== Task to carry out ==
Only a verbatim restatement of the lines from the one with "A-airplane Phone Case" through the end of the listing below is wanted. Pictures should be left out.

== Data section ==
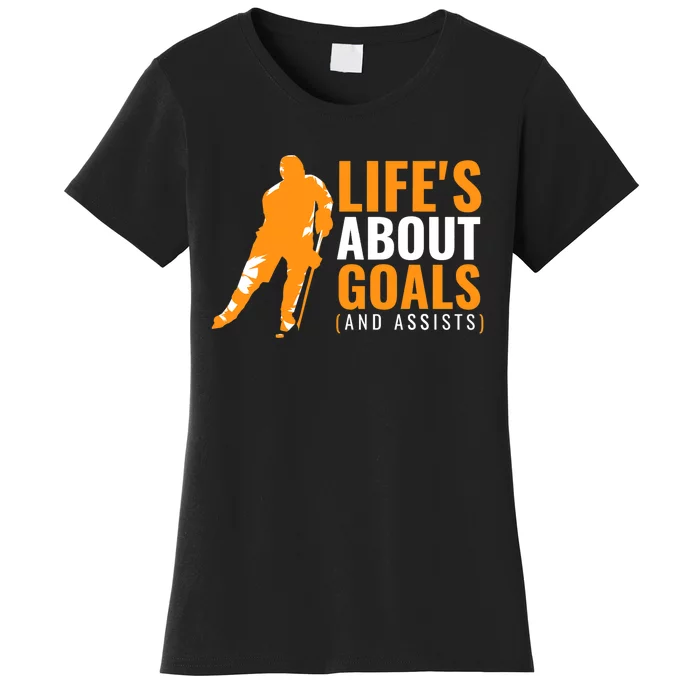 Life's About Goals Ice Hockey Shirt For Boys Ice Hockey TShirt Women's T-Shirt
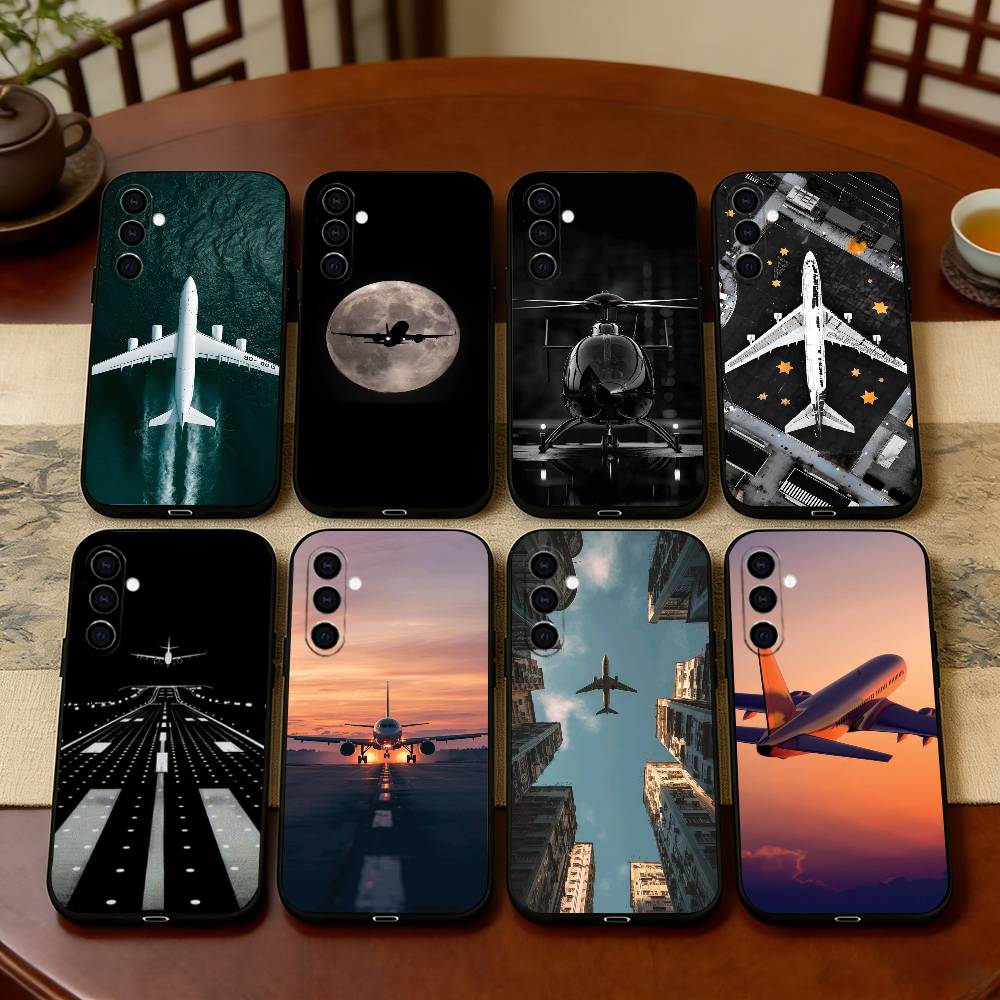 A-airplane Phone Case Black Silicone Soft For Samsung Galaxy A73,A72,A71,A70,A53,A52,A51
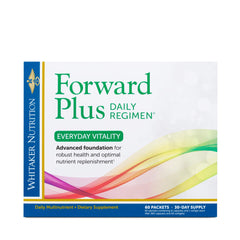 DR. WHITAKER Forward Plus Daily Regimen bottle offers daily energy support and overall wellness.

== Problem solution ==
 A-airplane Phone Case Black Silicone Soft For Samsung Galaxy A73,A72,A71,A70,A53,A52,A51
 DR. WHITAKER Forward Plus Daily Regimen bottle offers daily energy support and overall wellness.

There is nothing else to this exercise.